METHOD FOR STABILIZATION OF HYPOCHLOROUS ACID SOLUTION

Description

CROSS-REFERENCE TO RELATED APPLICATIONS

This application claims the priority of U.S. Provisional Patent Application No. 62/758,427, filed on Nov. 9, 2018, with the tile, “New Method for Stabilization of Hypochlorous Acid”, and the content of which is incorporated in its entirety by reference herein.

BACKGROUND

Technical Field

The embodiments herein generally relate to methods of production and storage of hypochlorous acid solution. The embodiments herein more particularly relate to methods of production and storage of hypochlorous acid solution aiming at providing improved stability of the hypochlorous acid solution thus produced.

Description of the Related Art

Hypochlorous Acid solution is one of the most potent all natural, anti-microbial agents known yet completely non-toxic to humans. It is known to kill virtually all known pathogens even prions which can cause mad-cow disease. It is normally produced by white blood cells in the body, but can also be produced in a lab using electrolysis. However, it is very unstable with a short half-life, losing approximately 1-2% potency per day and therefore commercialization has been incredibly challenging.

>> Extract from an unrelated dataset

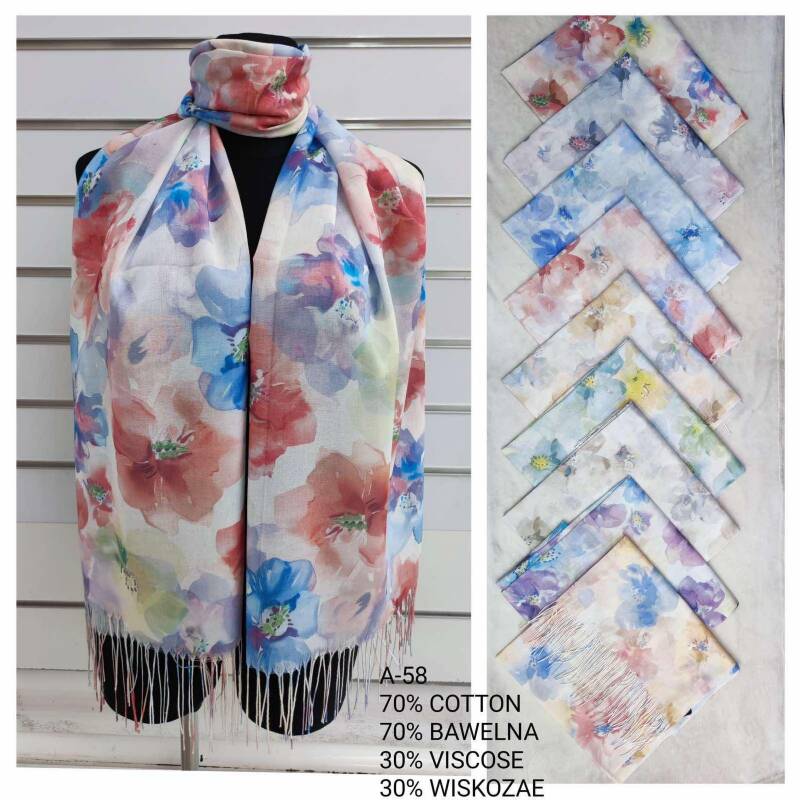 Szaliki damskie Roz Standard, Mix Kolor Paczka 12 szt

There have been very few successful methods of attempting to stabilize hypochlorous acid solution. One has been by adding stabilization agents such as bleach. Another is to manipulate the molecule via nanoparticle or other nanotechnology which is a very expensive process. Lastly the packaging is altered but still has the short half-life conundrum after opening the package.

Hence, there is a need for providing a method for production and storage of the hypochlorous acid solution that improves the stability of the hypochlorous acid solution thus manufactured.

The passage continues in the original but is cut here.